Meager looked at him, his small face looking hurt, but then nodded.

“You’re right at that, Mr. Tomkins—you got me a peg.”

PART VI

ONE

I was asked if work in the woods ground to a halt because of the trial. It did come to a halt, but it might not have had anything to do with the trial. For instance, at Sloan’s on the Tabusintac the buzz saws froze, the chains became embedded in the cedar trees, a man lost his leg by a saw jump, and no real axmen had been hired, for Sloan used inexperienced men to buzz saw to save money. In fact he had fired the best men he had that year, Simon Terri and Daniel Ward. Then the snows came, as deep as any since 1908. It was the same storm that caught the Prince family out in the open, and froze a couple starting out on their honeymoon from the Church of the Great Nativity.

Sloan came to a halt sometime in February and could not start up again until late April, when the roads opened enough to allow the trucks he had hired to get in. He was a visionary who had lost his gamble this year. He cursed and swore everyone up and down, under a spell of depression, and sent men to report to him about the progress on Good Friday, for everyone was interested now in the great cash of wood that had been found there.

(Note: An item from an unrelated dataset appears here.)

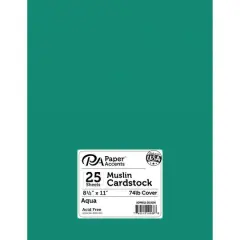 PA Paper&trade; Accents Muslin 8.5" x 11" 73lb. Cardstock, 25 Sheets Aqua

Estabrook was at a halt because his entire cut was poor. They had not allowed a scaler near, and the men were worried about
working for nothing. The worst of them had taken to going on forays to try and steal other cutters’ wood. The Push tried his best to keep their spirits up but finally told them to leave. Estabrook, knowing this to be the case, felt he would be the laughingstock of the province the first year he took over the reins of business from his father.

That is, Sonny Estabrook was the first to realize what became in the next twenty years common opinion, and what I have researched to a stalemate in the last fifteen months. That he, in cruising the large tract of immature Jameson timber after Will’s death, was the most likely to have carried the very blight on his boots, into the stand he would challenge the Jamesons for. With the first reports now coming to him, he was just beginning to realize this great irony as the trial began.